Se deixássemos de lado os penduricalhos e nos ativéssemos somente ao que é importante, que grau de dedicação seria exigido dos vereadores?
O pacto federativo torto que vigora no Brasil concentra poderes demais em Brasília, quando deveria ocorrer o contrário; afinal, como já afirmou a presidente Dilma Rousseff em um momento de clareza de seus discursos nem sempre compreensíveis, as pessoas não vivem na União, vivem nos municípios. Com milhares de determinações vindo do Congresso, e várias outras das assembleias legislativas, as câmaras de vereadores têm pouca margem de manobra; assim se consagrou a noção de que os vereadores passam a maior parte do tempo deliberando sobre nomes de ruas, datas comemorativas e homenagens a cidadãos honorários – isso quando, para escapar dessa trinca, não estão servindo como despachantes de interesses paroquiais e criando regulamentações que engessam a vida do cidadão e do empreendedor, naqueles poucos temas que ainda são de competência municipal.
Obviamente, resumir o trabalho dos vereadores a apenas nomear ruas, criar festas, homenagear pessoas e super-regular o dia a dia da cidade é uma generalização injusta.
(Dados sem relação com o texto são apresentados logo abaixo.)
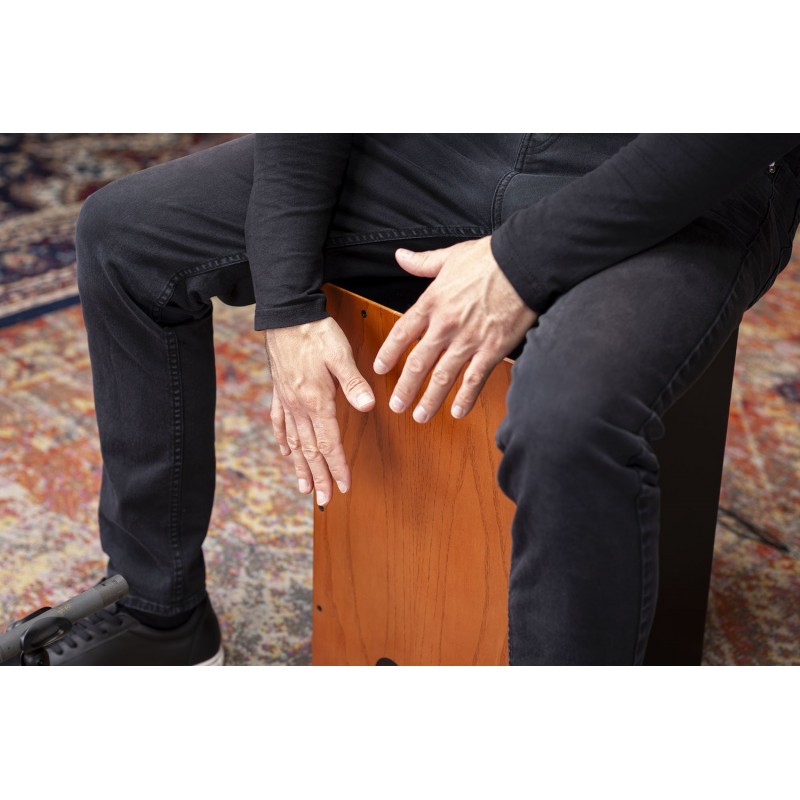 Meinl Percussion HCAJ3AWA - Cajon Headliner - American White Ash - 8 - Cajon - Meinl Percussion HCAJ3AWA - Cajon Headliner - Ame Meinl Percussion HCAJ3AWA - Cajon Headliner - American White Ash - 8 - Cajon - Meinl Percussion HCAJ3AWA - Cajon Headliner - Ame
Há temas muito relevantes na pauta de uma Câmara – em Curitiba, por exemplo, está em tramitação o Plano Diretor, que ajudará a definir os rumos do crescimento da cidade nos próximos anos. A pergunta que se coloca é: se deixássemos de lado os penduricalhos e nos ativéssemos somente ao que é importante, que grau de dedicação seria exigido dos vereadores? E qual seria a remuneração correspondente? Em cidades menores, o trabalho do Legislativo não exige dedicação integral e as sessões ocorrem fora do horário comercial, permitindo ao detentor de mandato seguir com sua atividade de origem. O salário de vereador, assim, seria mais uma “ajuda de custo”, e não a fonte primária de sustento. Mas seria possível replicar esta dinâmica em cidades maiores?
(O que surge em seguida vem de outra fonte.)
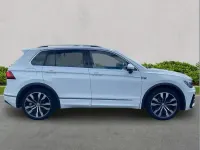 Used VW Tiguan R-line 150 HP (110 kW) 2019 White SUV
Além disso, os salários dos vereadores estão longe de ser o único fator de polêmica. Estruturas inchadas de gabinetes e salários de funcionários comissionados também criam gastos questionáveis. Em 2012, o Ministério Público recomendou à Câmara de Curitiba que demitisse 40% dos seus comissionados para que o número desses servidores não ultrapassasse o de concursados – a recomendação só foi seguida em 2013, com o corte de 259 comissionados. Hoje, um terço dos comissionados da Câmara (38 chefes de gabinete e 63 assessores) recebem pelo menos R$ 9 mil. Cada vereador tem direito a cerca de R$ 50 mil mensais em salários para compor sua equipe. São gastos que merecem um pente-fino mais cuidadoso, para que se avalie sua real necessidade.
A discussão sobre os salários dos vereadores é pertinente, mas é preciso tomar cuidado para que não caia na demagogia. Ter em conta a realidade do município é importante para que os vencimentos não sejam muito descolados da média local; ao mesmo tempo, nos casos em que a vereança exija dedicação integral, é necessário que o salário não seja tão baixo a ponto de desestimular pessoas boas que poderiam ser atraídas para a política, e nem tão alto a ponto de atrair aqueles interessados apenas nas benesses do cargo. Independentemente do desfecho da polêmica em cada cidade, uma lição já aprendida é a de que o cidadão precisa prestar mais atenção ao Poder Legislativo municipal: não só quanto ganham, mas o que estão fazendo aqueles que foram eleitos para representar a população na instância que está mais próxima dela.